Lettera da Washington


Certo questi sottomarini americani sono proprio potenti…non sono stati ancora costruiti e hanno già silurato un’alleanza che stava a galla da duecentoquaranta anni.

Che però per fortuna non è affondata. Da parte europea, sarebbe suicida lasciarla affondare. Da parte americana, il 21 settembre, nel suo primo discorso all’Assemblea Generale dell'ONU, Biden ha confermato l’impegno politico e la volontà degli Stati Uniti di seguire la via dell’alleanza, respingendo l’idea di camminare da soli. Interessante è il riferimento all’uso che si propone di fare di questa nuova iniezione di “leadership”: opporsi “alle nazioni forti che intendono dominare altre più deboli”, il che evidentemente punta il dito contro la Cina.

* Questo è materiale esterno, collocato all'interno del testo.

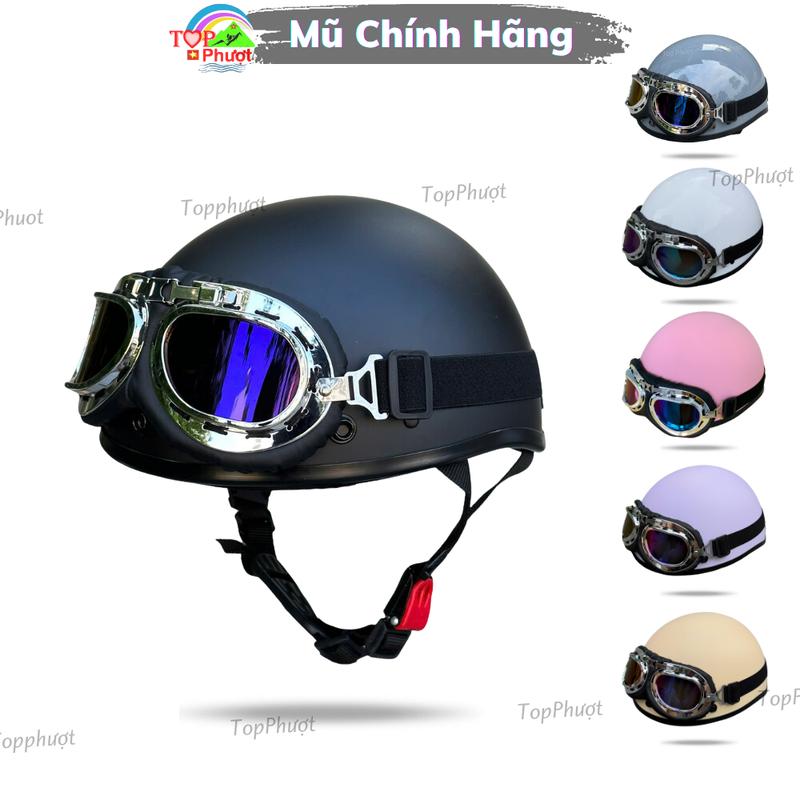 Mũ bảo hiểm nửa đầu 1 2 nhiều màu cao cấp - Hàng chính hãng đạt chuẩn kiểm định đi xe máy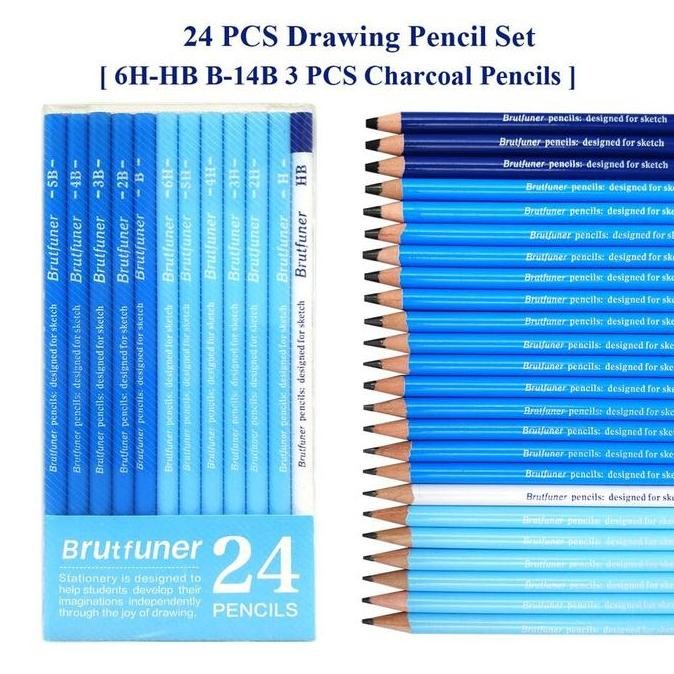 

Brutfuner 24Pcs Sketching Pencil/Pensil Sketsa/Pensil Gambar Set New Stok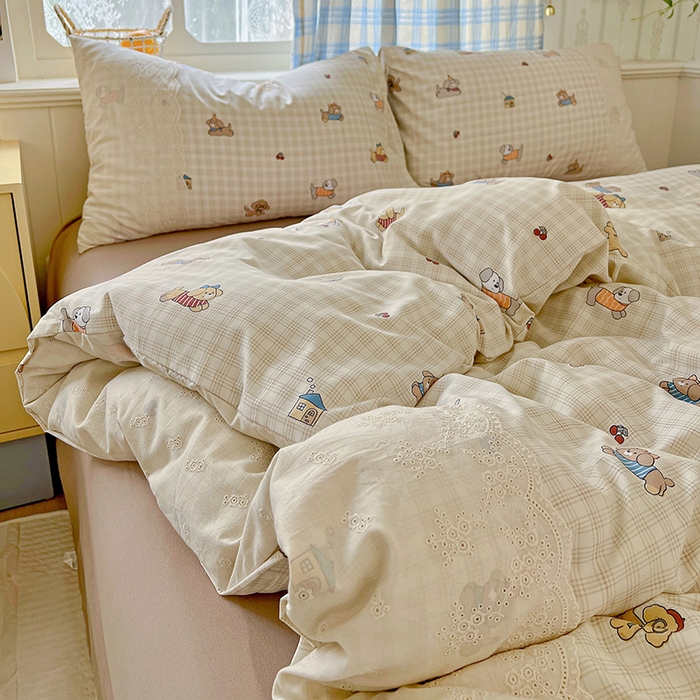 91家纺网 家纺一手货源 找家纺 海岛哥哥 2025新款韩式全棉蕾丝花边软绵绵四件套 格子萌狗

Questo sembra riassumere il senso della “dottrina Biden”, che peraltro non rappresenta un’assoluta novità; a cominciare dalla dottrina Monroe (1823), che era un'intimazione agli europei a tenersi alla larga dal continente americano. Il contributo di Monroe vive ancora ed è stato declinato nel tempo in molti modi, a partire dal corollario di Theodore Roosevelt (1904): “…quindi saranno solo gli Stati Uniti a intervenire nelle Americhe quando occorre tutelare eventuali diritti violati” (1904).

Non è senza interesse scorrere la lista delle dottrine presidenziali americane dell’era moderna, da cui risalta prima l’espansione e poi la contrazione dell’ombra degli USA su nemici e amici, a partire da Truman (1947: l’America fornirà assistenza a tutte le nazioni minacciate da forze autoritarie interne o esterne, cioè la guerra fredda), fino a Obama (2008: “Ci asterremo da conflitti che non hanno prospettiva di successo”) - ripresa in sequenza bipartisan da Trump e Biden.

Quasi tutti i precetti delle “dottrine” sono stati riecheggiati e confermati nell’intervento presidenziale all’Onu. Col suo discorso, Biden ha messo esplicitamente una lapide sul conflitto afghano e ha invocato un nuovo periodo di “instancabile diplomazia”. Ha citato subito il settore Indo-Pacifico (consacrando il famoso riorientamento verso quella parte del mondo), segnalando così implicitamente il declassamento del confronto con la Russia, eredità dalla guerra fredda. La Cina è più importante, è più attuale, è più pericolosa. È anche più vicina, ed è una potenza nel Pacifico, il vero “mare nostrum” americano.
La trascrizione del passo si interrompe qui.